Defining the Terms of the Religious Liberty Debate

After Governor Deal vetoed the Free Exercise Protection Act last spring, There has been lots of speculation over whether “religious liberty” legislation would be a factor in the upcoming 2017 legislative session. That speculation grew more heated after House Speaker David Ralston wondered in an interview with Bill Nigut and Jim Galloway if the issue is one that the federal government should deal with, especially now that there is a Republican administration on Capitol Hill.

Rather than ask if religious freedom legislation will make another appearance in 2017, a better question to ask would be, “which flavors of religious liberty legislation could be introduced in 2017?” In fact, there are four distinct measures that could be up for debate next year.

The first, and perhaps the most widely known is the Religious Freedom Restoration Act. This legislation was passed at the federal level in the 1990s, but was ruled as not applying to the states by the Supreme Court. The law directs courts to use a standard called strict scrutiny when considering cases involving the free exercise of religion. RFRA bills were introduced in 2014 by Sen. Josh McKoon and Rep. Sam Teasley, and again in 2015 by McKoon as Senate Bill 129. Controversy over similar, but not identical, legislation in Arizona and Indiana stalled progress on Georgia’s RFRA. Senator McKoon has indicated that the bill will likely be re-introduced in 2017.

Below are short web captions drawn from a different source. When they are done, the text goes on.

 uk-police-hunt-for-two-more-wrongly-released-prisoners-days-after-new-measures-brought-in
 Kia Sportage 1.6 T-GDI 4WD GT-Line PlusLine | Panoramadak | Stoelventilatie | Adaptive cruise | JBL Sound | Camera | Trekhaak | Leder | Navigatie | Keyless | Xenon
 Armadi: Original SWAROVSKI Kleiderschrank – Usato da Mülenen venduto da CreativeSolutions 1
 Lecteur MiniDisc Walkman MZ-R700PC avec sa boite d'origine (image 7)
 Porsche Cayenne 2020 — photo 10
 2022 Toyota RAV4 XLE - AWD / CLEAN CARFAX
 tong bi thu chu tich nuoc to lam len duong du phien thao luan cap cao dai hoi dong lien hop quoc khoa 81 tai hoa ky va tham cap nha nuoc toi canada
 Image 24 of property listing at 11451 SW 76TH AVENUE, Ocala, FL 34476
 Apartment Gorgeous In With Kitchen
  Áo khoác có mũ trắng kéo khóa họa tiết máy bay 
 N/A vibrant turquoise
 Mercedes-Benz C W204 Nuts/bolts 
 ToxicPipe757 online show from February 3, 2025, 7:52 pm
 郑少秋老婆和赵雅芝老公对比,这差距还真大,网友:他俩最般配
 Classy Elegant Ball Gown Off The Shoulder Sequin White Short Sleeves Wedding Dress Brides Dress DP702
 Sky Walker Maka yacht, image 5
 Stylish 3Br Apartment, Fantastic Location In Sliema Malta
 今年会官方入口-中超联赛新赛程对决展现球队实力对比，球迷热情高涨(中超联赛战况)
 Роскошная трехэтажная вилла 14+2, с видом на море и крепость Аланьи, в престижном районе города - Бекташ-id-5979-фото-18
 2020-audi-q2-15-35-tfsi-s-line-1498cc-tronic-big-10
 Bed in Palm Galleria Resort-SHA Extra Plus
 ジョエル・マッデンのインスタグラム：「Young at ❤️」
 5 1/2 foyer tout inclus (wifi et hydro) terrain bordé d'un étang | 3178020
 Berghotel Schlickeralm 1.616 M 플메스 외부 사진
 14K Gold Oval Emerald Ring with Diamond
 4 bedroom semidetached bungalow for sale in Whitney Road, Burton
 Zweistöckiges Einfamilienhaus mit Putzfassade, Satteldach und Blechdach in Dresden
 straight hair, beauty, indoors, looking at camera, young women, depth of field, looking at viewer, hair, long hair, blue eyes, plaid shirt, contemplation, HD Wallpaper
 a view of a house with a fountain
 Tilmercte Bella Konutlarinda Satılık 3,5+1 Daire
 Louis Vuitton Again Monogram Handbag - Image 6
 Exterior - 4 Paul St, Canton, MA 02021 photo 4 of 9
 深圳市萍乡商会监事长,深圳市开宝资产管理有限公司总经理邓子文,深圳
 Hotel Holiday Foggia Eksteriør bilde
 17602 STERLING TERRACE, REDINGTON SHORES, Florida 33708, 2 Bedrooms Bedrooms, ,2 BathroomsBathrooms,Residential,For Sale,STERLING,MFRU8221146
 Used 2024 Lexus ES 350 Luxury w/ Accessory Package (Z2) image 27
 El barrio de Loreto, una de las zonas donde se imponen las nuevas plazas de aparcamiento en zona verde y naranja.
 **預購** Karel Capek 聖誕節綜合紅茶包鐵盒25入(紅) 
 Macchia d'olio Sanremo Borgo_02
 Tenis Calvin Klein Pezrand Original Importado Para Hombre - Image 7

Two additional bills were introduced during the 2016 legislative session dealing with religious liberty. The first was the Pastor Protection Act, authored by Rep. Kevin Tanner. This bill attempted to deal with concerns that, in light of the Obergefell decision in 2015 dealing with gay marriage, no religious leader would be required to perform a marriage ceremony, nor would a church be forced to let its property be used for a religious ceremony it did not approve of. Approved unanimously in the House, the bill was later incorporated into the Free Exercise Protection Act.

The third religious liberty bill introduced last year was the First Amendment Defense Act, sponsored by Senator Greg Kirk. The measure was based on identically named federal legislation that its sponsors said was designed to protect religious organizations from being discriminated against because of their beliefs.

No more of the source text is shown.